── SUPPLIED MATERIAL ──

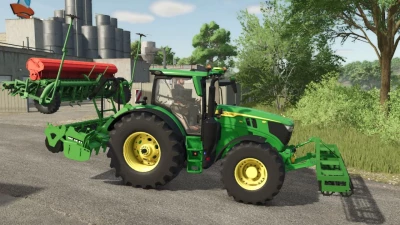 Nodet 4m Seeder v1.0.0.0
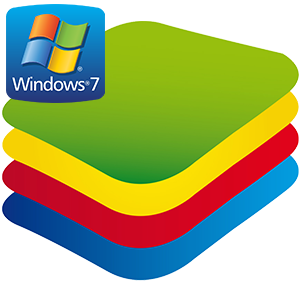 BlueStacks для Windows 7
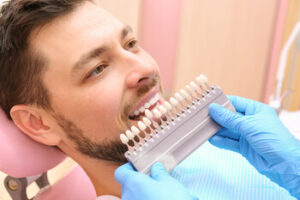 concerns aftercare veneers castle hill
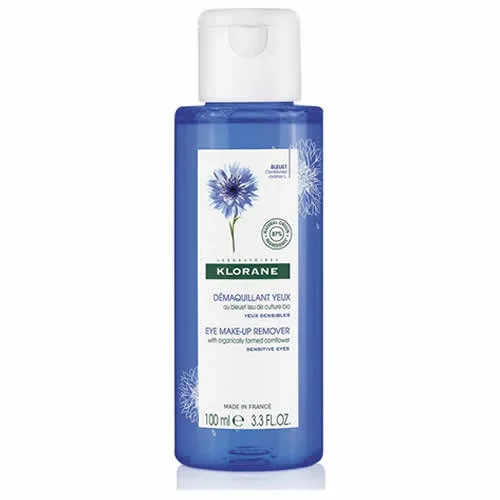 KLORANE STRUCCANTE OCCHI FIORDALISO BIO 100 ML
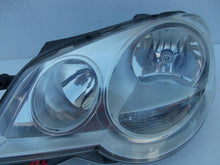 Load image into Gallery viewer, Frontscheinwerfer VW Polo IV 6Q1941007AT Links Scheinwerfer Headlight SCH4799583781ec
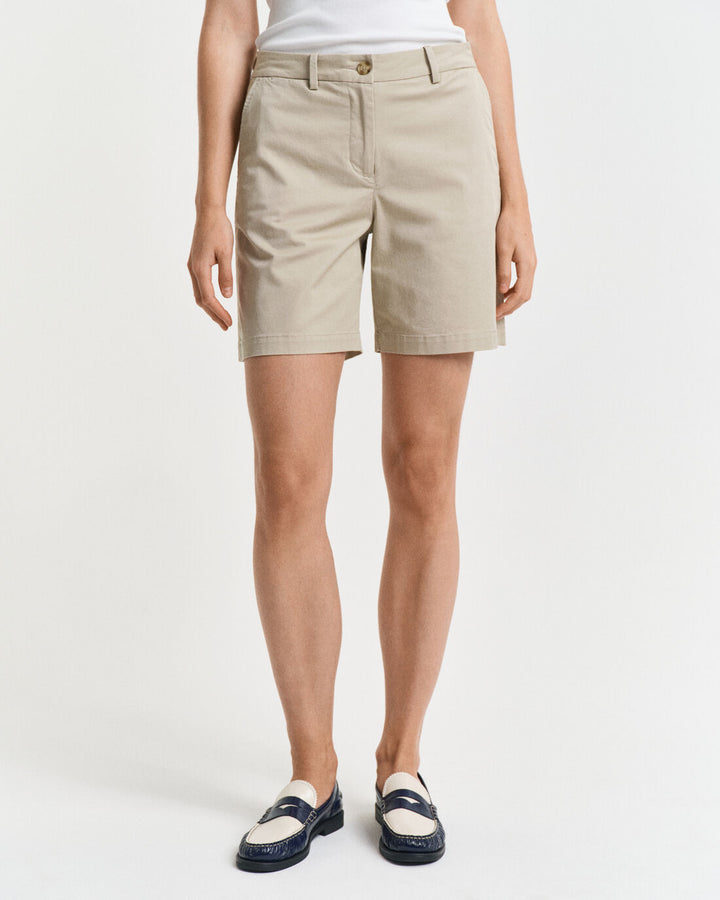 GANT Chino Shorts/Bermude 4020119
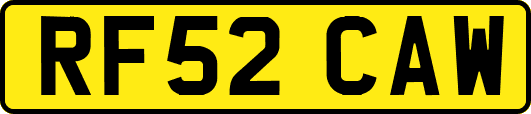 RF52CAW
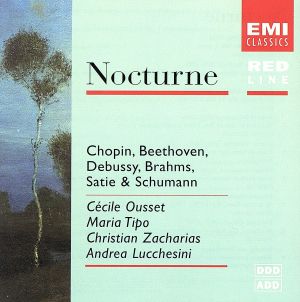 【輸入盤】Nocturne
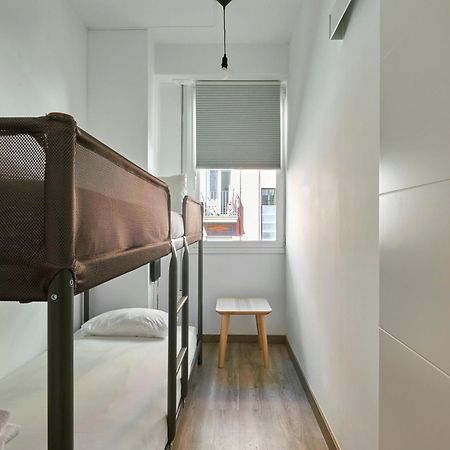 Ol Cute Apartment In Quiet Olivera St Барселона Екстер'єр фото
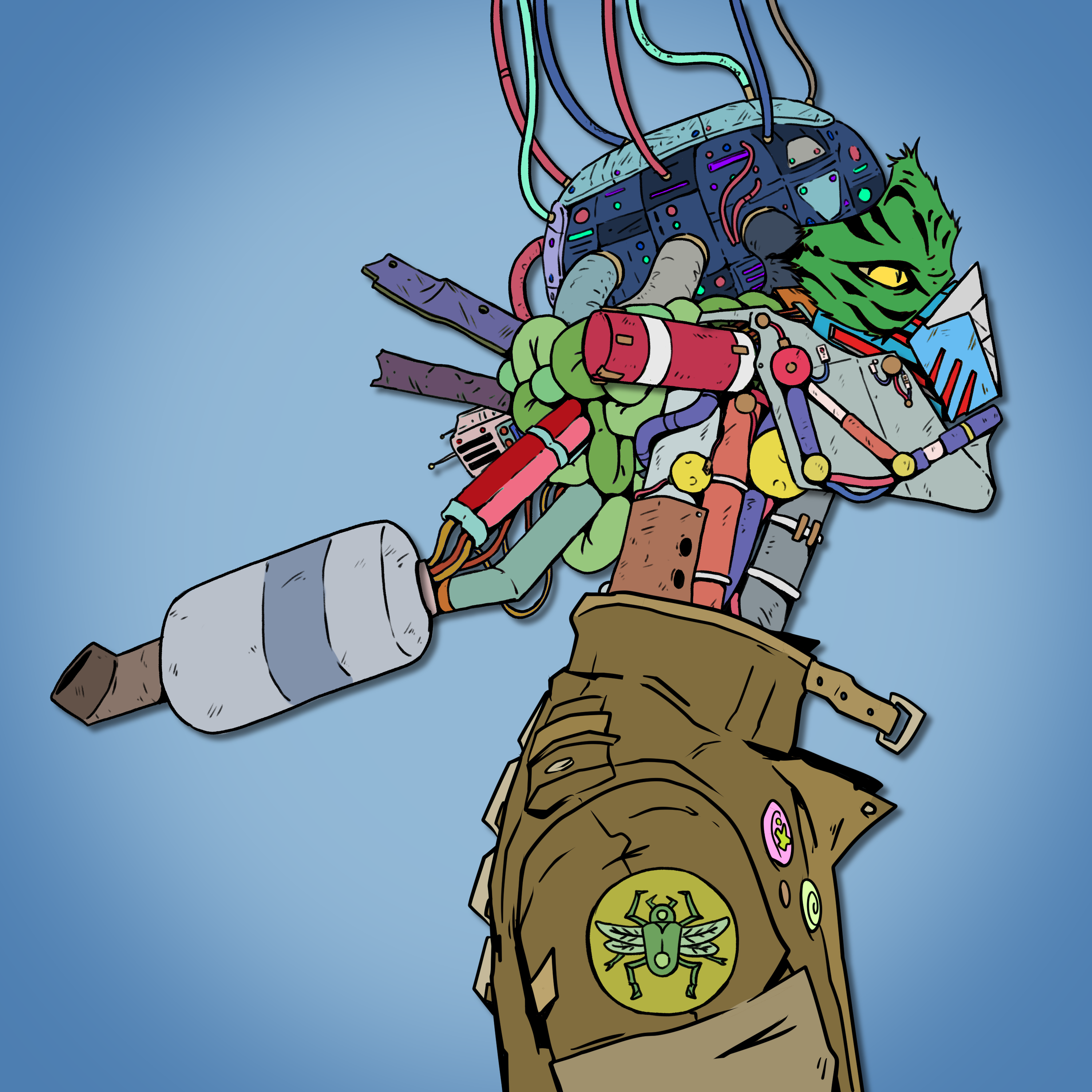 NFT Image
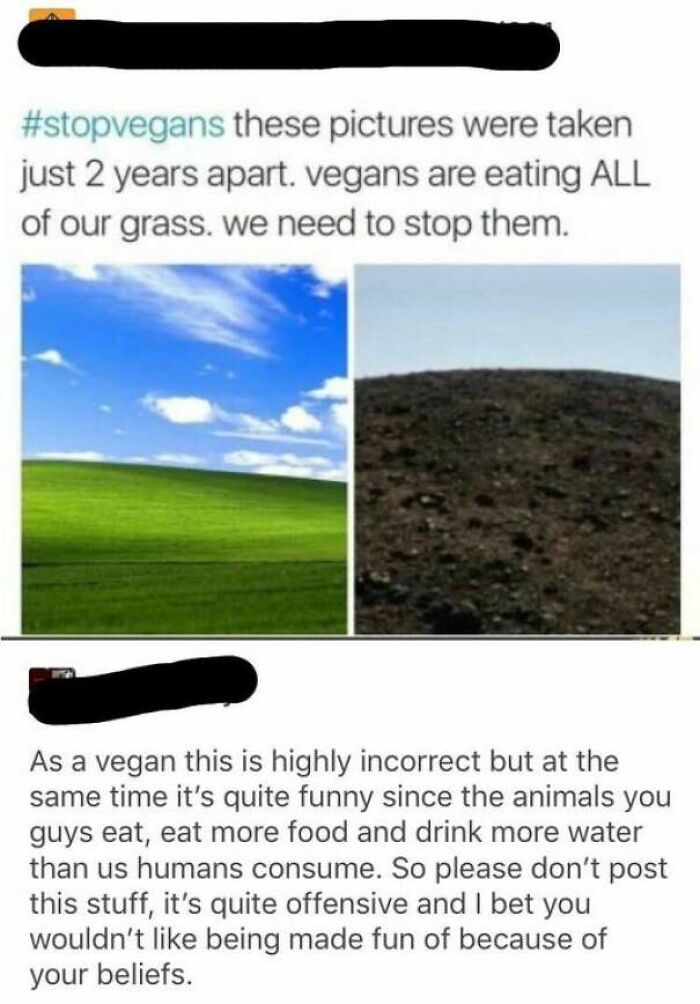 This Is Quite Offensive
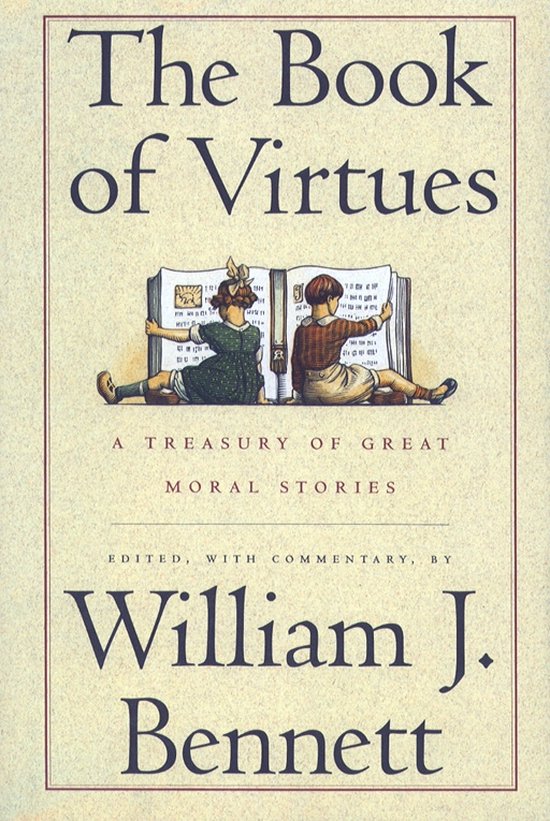 The Book of Virtues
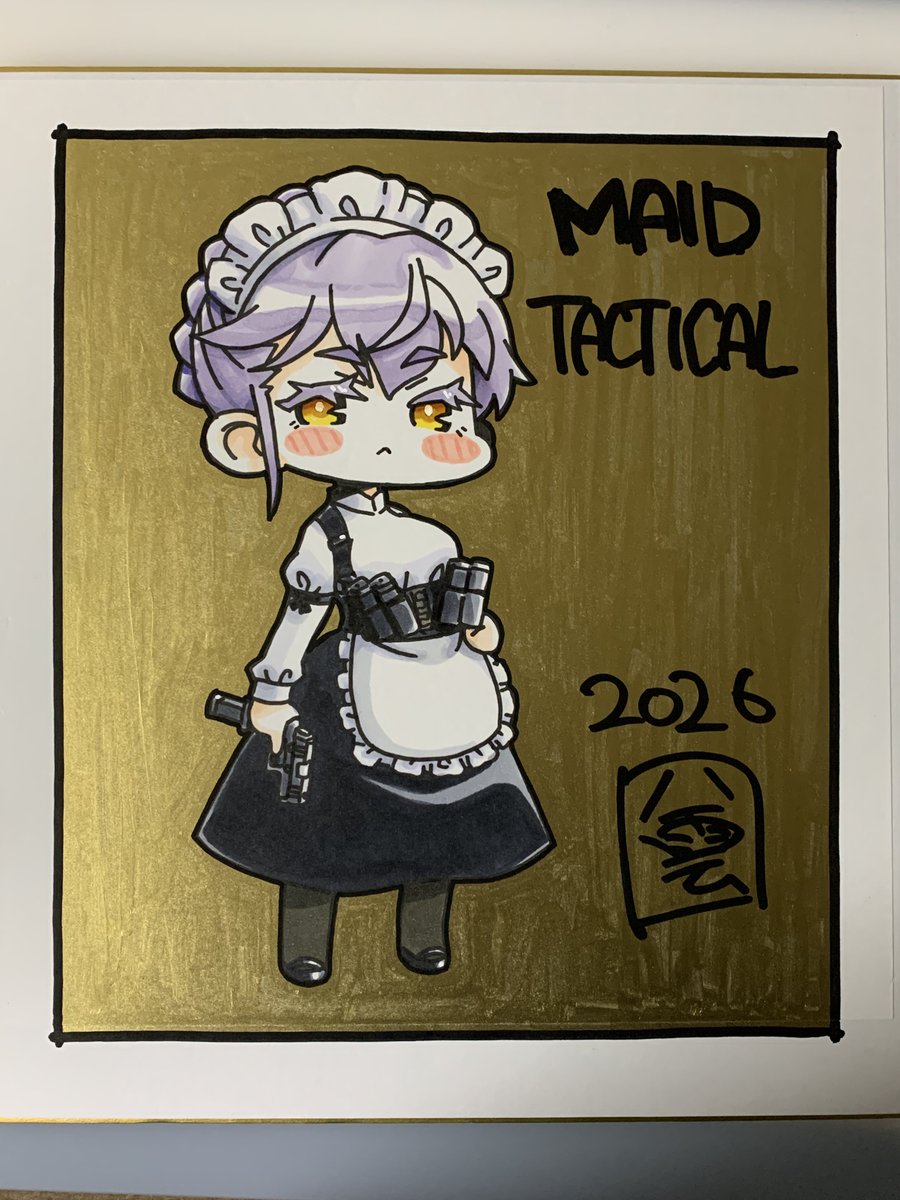 十月十日ちゃん@c107二日目東6ク34b🎄新人Vtuber ファン (@10_10_)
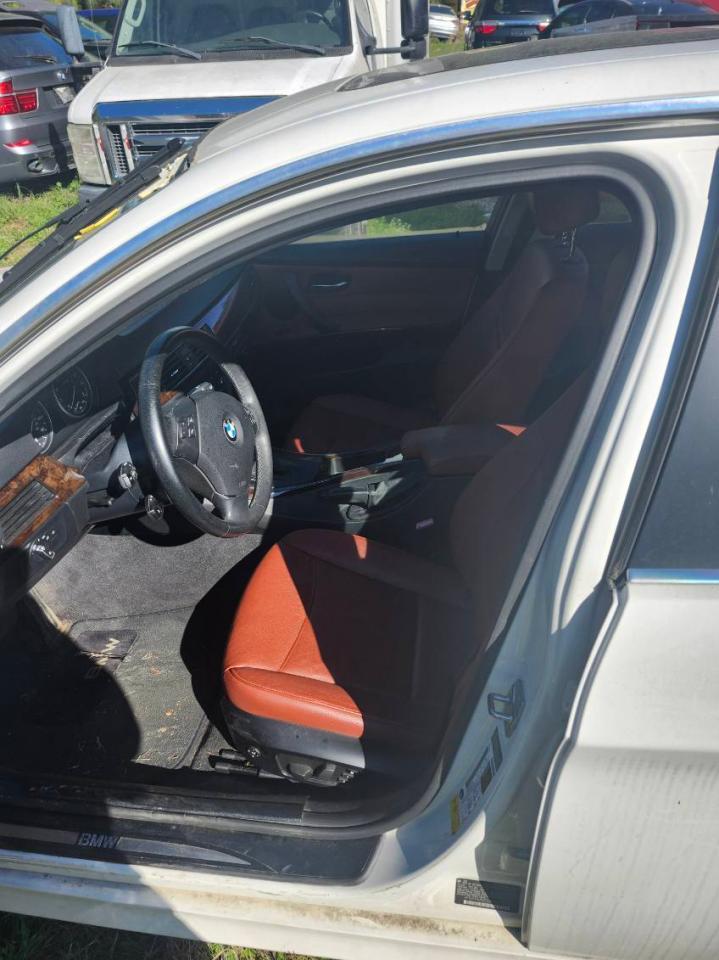 2011 BMW 335 I - Фото 5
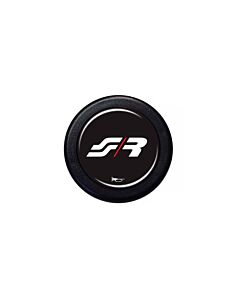 Simoni Racing horn button black (universal) | SR-1B | A4H-TECH / ALL4HONDA.COM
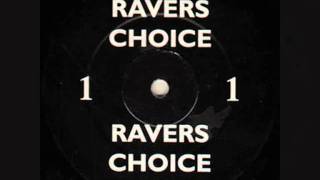 Ravers Choice Vol1  Vibes amp Wishdokta  OldSkool Hardcore [upl. by Bowles]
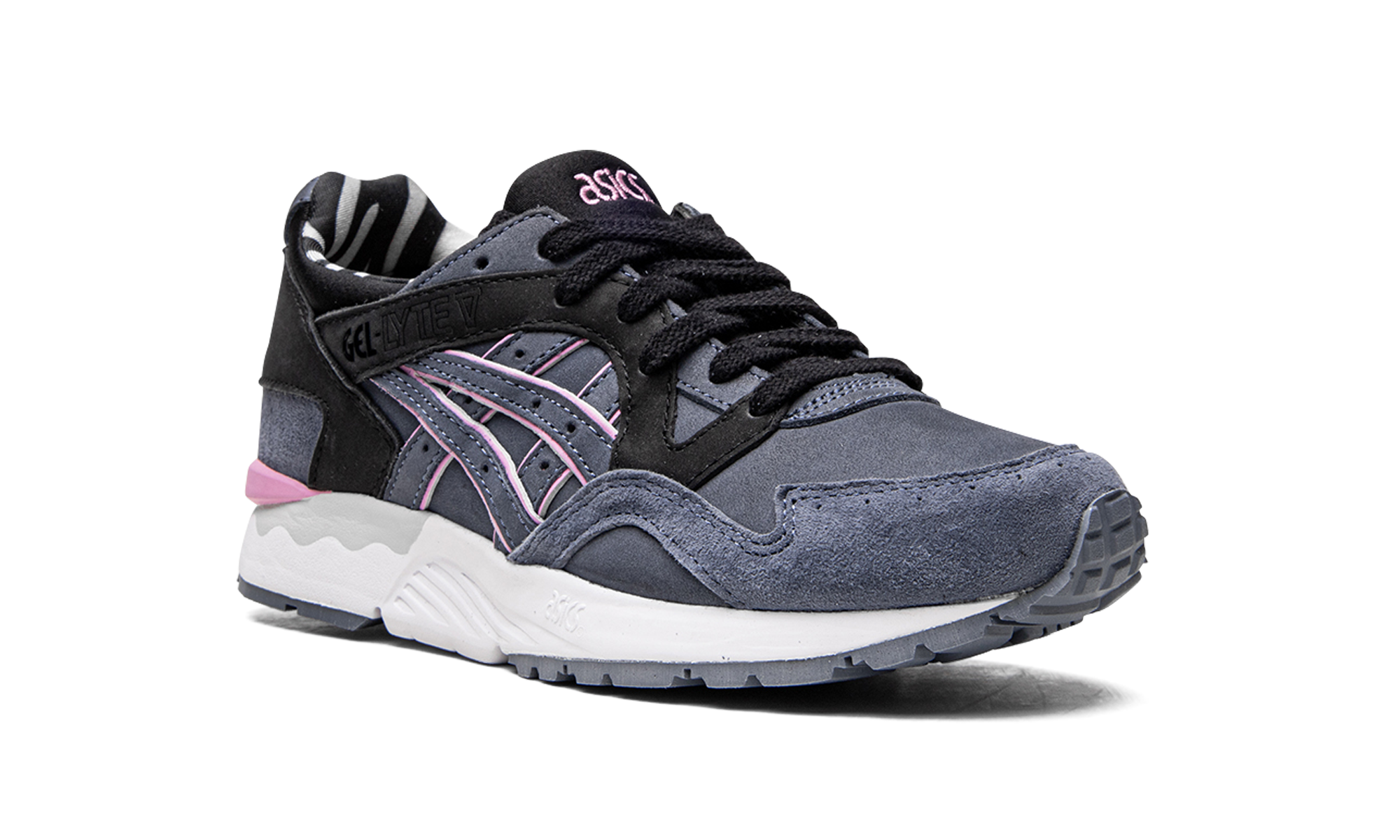 Gel-Lyte 5 "Extra Butter - Karaoke"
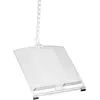 Image de R-Go Tools Morelia Document - Porte-documents - transparent, Pièce de rechange pour ordinateur portable, Transparent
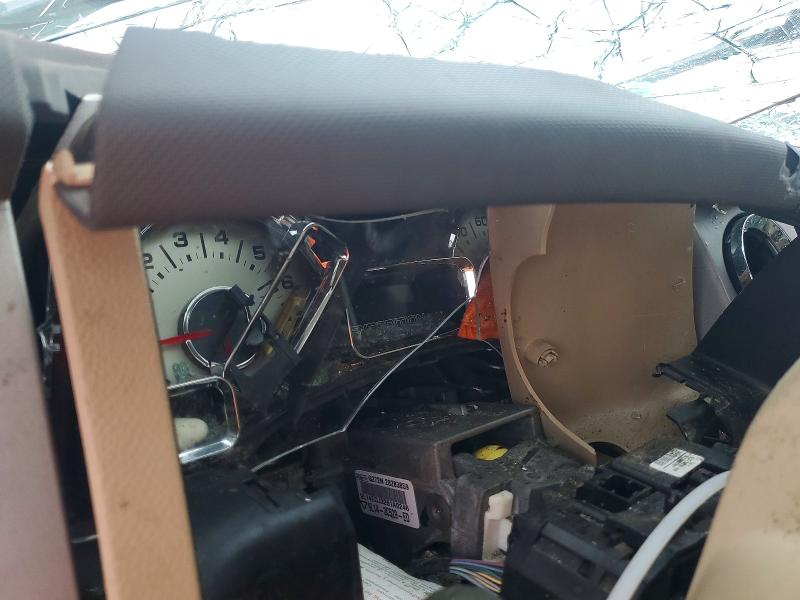 Foto 9 de la subasta – 2014 FORD EXPEDITION con VIN 1FMJU1H59EEF09136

───

EXERCISE AIM –
Output the data exactly as it appears. The pictures do not belong in it.

ANSWER SECTION –
 Nodet 4m Seeder v1.0.0.0
 BlueStacks для Windows 7
 concerns aftercare veneers castle hill
 KLORANE STRUCCANTE OCCHI FIORDALISO BIO 100 ML
 Load image into Gallery viewer, Frontscheinwerfer VW Polo IV 6Q1941007AT Links Scheinwerfer Headlight SCH4799583781ec
 GANT Chino Shorts/Bermude 4020119
 RF52CAW
 【輸入盤】Nocturne
 Ol Cute Apartment In Quiet Olivera St Барселона Екстер'єр фото
 NFT Image
 This Is Quite Offensive
 The Book of Virtues
 十月十日ちゃん@c107二日目東6ク34b🎄新人Vtuber ファン (@10_10_)
 2011 BMW 335 I - Фото 5
 Simoni Racing horn button black (universal) | SR-1B | A4H-TECH / ALL4HONDA.COM
 Ravers Choice Vol1  Vibes amp Wishdokta  OldSkool Hardcore [upl. by Bowles]
 Gel-Lyte 5 "Extra Butter - Karaoke"
 Image de R-Go Tools Morelia Document - Porte-documents - transparent, Pièce de rechange pour ordinateur portable, Transparent
 Foto 9 de la subasta – 2014 FORD EXPEDITION con VIN 1FMJU1H59EEF09136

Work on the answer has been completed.